CM FORTRAN PROGRAMMING GUIDE
Version 2.1, January 1994
Copyright (c) 1994 Thinking Machines Corporation.


CHAPTER 1:   A LANGUAGE FOR ARRAY PROCESSING
********************************************

The CM Fortran language is an implementation of Fortran 77
supplemented with array-processing extensions from the ANSI and ISO
standard Fortran 90. The array-processing features map naturally onto
the data parallel architecture of the Connection Machine (CM) system,
which is designed for computations on large data sets. CM Fortran thus
combines

  o  the familiarity of Fortran 77, often the language of choice for
     scientific computing

  o  the expressive power of Fortran 90, which offers a rich selection
     of operations and intrinsic functions for manipulating arrays of
     data

  o  the computational power of the CM system, which brings multiple
     processors to bear on large arrays in either a data parallel
     fashion or a message-passing fashion


1.1  ARRAY OPERATIONS IN CM FORTRAN
-----------------------------------

The essence of the Fortran 90 array-processing features is that they
treat arrays as first-class objects. An array object can be referenced
by name in an expression or assignment or passed as an argument to a
procedure, and the operation is performed on every element of the
array.


1.1.1  Compared with Fortran 77
-------------------------------

In Fortran 77, operations are defined only on individual scalars.
Operating on an array requires stepping through its elements,
explicitly performing the operation on each one. With Fortran 90
constructions, it is not necessary to reference array elements
separately by means of subscripts, and it is not necessary to write DO
loops or other such control constructs to have the operation repeated
for each element. It is sufficient simply to name the array as an
operand.


1.1.2  Example in Fortran 77 and CM Fortran
-------------------------------------------

Consider a 4-element array A, initialized to [1,2,3,4]:

         INTEGER A(4)
         DATA A  / 1, 2, 3, 4 /


Suppose you want to increment each of the values by 1, so that A
contains [2,3,4,5]. The familiar method in Fortran 77 is to reference
the elements by subscript and, through a looping construct, explicitly
increment each value:

         DO 30 I=1,4
             A(I) = A(I) + 1
     30    CONTINUE


If the array is multidimensional, then the control sequence is nested
to operate on all the elements:

         INTEGER A(4,4)
         DO 30 I=1,4
             DO 40 J=1,4
                 A(I,J) = A(I,J) + 1
     40        CONTINUE
     30    CONTINUE


CM Fortran dispenses with the subscript references and the DO loops.
Both the above operations are expressed simply as:

         A = A + 1


These code fragments perform the same set of operations, but their
semantics are slightly different.
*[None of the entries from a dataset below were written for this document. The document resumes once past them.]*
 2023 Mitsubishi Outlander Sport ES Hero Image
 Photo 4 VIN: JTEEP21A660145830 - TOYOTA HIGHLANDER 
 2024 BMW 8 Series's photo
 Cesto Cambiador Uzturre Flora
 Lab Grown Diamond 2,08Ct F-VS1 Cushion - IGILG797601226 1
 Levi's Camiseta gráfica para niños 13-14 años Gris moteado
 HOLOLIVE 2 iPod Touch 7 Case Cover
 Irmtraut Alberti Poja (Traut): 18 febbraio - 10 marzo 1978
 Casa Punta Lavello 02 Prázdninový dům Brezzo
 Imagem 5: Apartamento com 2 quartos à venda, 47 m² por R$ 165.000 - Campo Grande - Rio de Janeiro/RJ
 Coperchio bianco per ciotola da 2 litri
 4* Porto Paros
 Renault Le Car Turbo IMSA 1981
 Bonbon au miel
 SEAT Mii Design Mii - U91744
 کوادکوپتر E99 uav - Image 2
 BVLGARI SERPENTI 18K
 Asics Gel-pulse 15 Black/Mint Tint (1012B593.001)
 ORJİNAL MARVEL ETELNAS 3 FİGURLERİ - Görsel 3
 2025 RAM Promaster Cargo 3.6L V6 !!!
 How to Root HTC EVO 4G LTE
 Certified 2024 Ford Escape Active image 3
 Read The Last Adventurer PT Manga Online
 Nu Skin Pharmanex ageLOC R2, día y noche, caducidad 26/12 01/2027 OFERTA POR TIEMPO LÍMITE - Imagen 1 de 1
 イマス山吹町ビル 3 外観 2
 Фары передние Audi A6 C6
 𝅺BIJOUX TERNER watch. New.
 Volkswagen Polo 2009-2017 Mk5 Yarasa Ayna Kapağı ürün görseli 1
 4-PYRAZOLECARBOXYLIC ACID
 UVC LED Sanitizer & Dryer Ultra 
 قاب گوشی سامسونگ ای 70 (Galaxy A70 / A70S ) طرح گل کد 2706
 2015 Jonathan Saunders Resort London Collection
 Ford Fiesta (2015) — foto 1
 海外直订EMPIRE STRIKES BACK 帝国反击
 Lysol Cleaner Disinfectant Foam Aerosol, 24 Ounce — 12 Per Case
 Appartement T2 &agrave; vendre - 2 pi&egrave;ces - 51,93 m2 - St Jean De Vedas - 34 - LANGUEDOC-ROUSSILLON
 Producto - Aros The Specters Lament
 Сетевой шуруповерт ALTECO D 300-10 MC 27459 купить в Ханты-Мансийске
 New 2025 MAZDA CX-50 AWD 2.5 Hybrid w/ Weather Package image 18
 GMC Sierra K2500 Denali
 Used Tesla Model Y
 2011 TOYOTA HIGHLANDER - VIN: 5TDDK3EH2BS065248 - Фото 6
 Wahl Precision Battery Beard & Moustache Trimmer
The Fortran 77 statements are
evaluated in the order specified by the nested loops, whereas the
Fortran 90 construction allows the elements of A to be evaluated in
any order. The CM system takes advantage of this feature to process
the elements simultaneously.

A Fortran 90 array reference can be used for any size or shape array
and for any array operation defined in CM Fortran. The array could,
for example, be 4-dimensional, and the operation could be any Fortran
operator or intrinsic function:

      REAL B( 512, 64, 8, 4 )

      B = 8.0          ! Set all 1,048,516 elements to 8.0.
      B = B * 2.0      ! All 1,048,516 elements contain 16.0.
      B = SQRT( B )      ! All 1,048,516 elements contain 4.0.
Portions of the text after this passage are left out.